Mme Joëlle Garriaud-Maylam . - Oui ! Il conviendrait en outre de rappeler les droits du Parlement...

M. Jean-Paul Emorine , vice-président . - Je propose la formulation suivante : « le pouvoir d'auto-saisine en matière d'avis des autorités nationales de concurrence ne doit pas outrepasser leurs compétences » .

M. Philippe Bonnecarrère . - Les alinéas 20 et 21 relaient le message porté par Michel Raison, André Gattolin et le vôtre, Monsieur le président. Pour ma part, je ne suis pas convaincu que Bruxelles se désintéresse de la désindustrialisation de l'Europe ; l'époque où la Commission européenne négligeait les données économiques pour se concentrer sur les aspects juridiques est révolue.

La définition des marchés pertinents ne fait pas débat dans la pratique ; elle est soutenue par une jurisprudence abondante. Comme la notion d'utilité publique pour justifier une expropriation, elle peut faire l'objet d'un débat universitaire, mais il n'y a aucune ambiguïté pour les acteurs concernés, grâce à cette jurisprudence qu'ils connaissent bien. Le marché local, national, européen, la vente directe par Internet constituent des sectorisations connues et pertinentes.

Je crois cependant comprendre que vous souhaitez un engagement proactif de l'Union européenne en faveur du développement économique. Sur le plan technique, ces deux derniers alinéas peuvent être discutés ; mais ils doivent avant tout s'entendre dans une dimension politique.

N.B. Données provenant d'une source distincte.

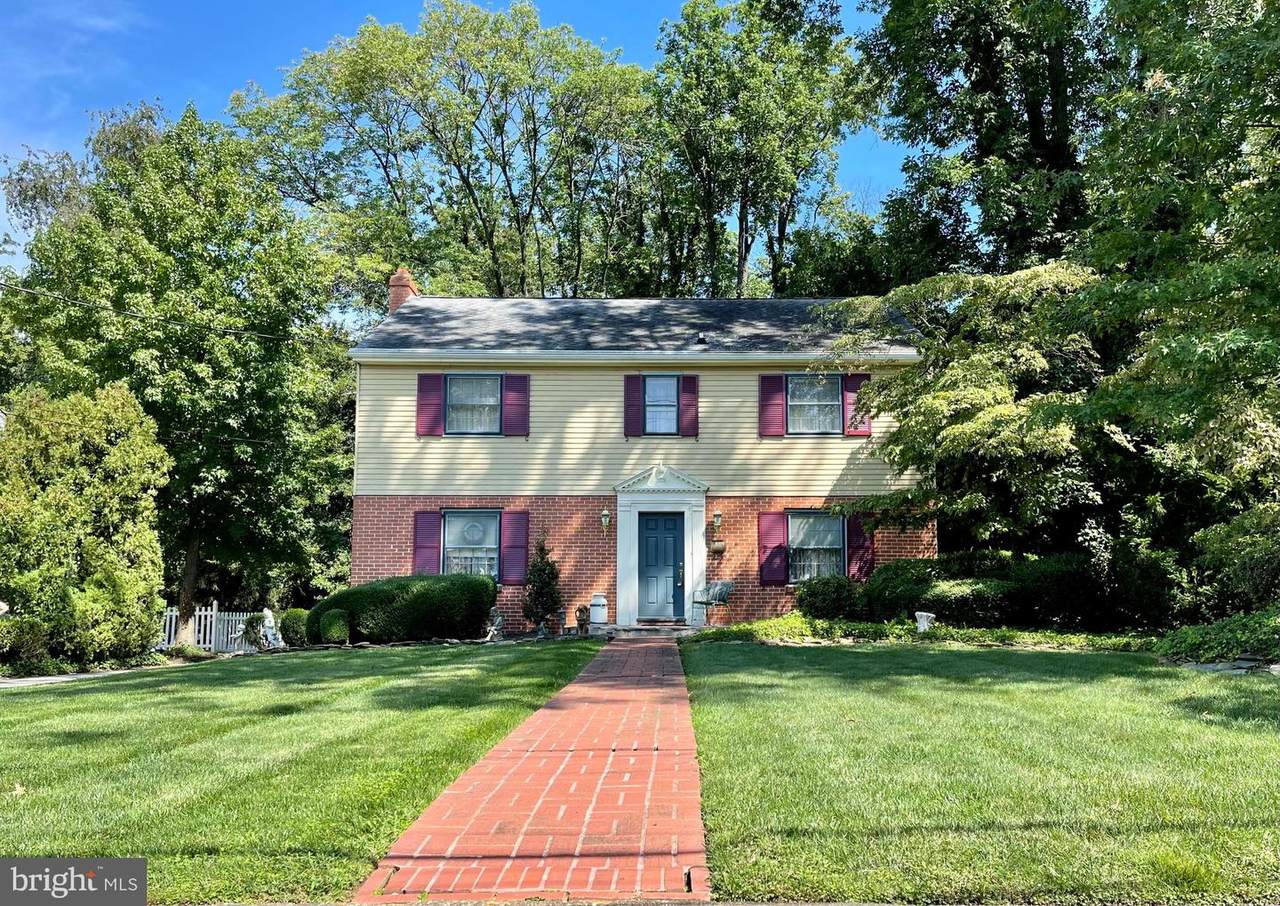 307 Park Boulevard - Photo 1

M. Jean-Paul Emorine , vice-président . - Nous pouvons mieux répondre à nos préoccupations dans la rédaction de l'alinéa 20. Je propose que la mention : « à une échelle adéquate qui peut être, dans certains cas, le niveau européen » soit remplacée par la formulation suivante : « à l'échelle européenne » . L'Autorité de la concurrence se définit par rapport au marché français ; or il faut une approche européenne.

M. Philippe Bonnecarrère . - Vous demandez l'ubiquité à l'Autorité de la concurrence : elle doit être en mesure de définir un marché pertinent à l'échelle de Brest ou de Mâcon - en cas de notification d'un rachat de supermarché - tout en déployant sa réflexion, à d'autres moments, au niveau national, voire européen.

M. François Marc . - C'est à mes yeux une question plus économique que politique. La formulation proposée par le président me convient.

À l'issue du débat, la commission des affaires européennes a autorisé, à l'unanimité, la publication du présent rapport d'information, et adopté la proposition de résolution européenne ainsi modifiée, ainsi que l'avis politique rédigé dans les mêmes termes.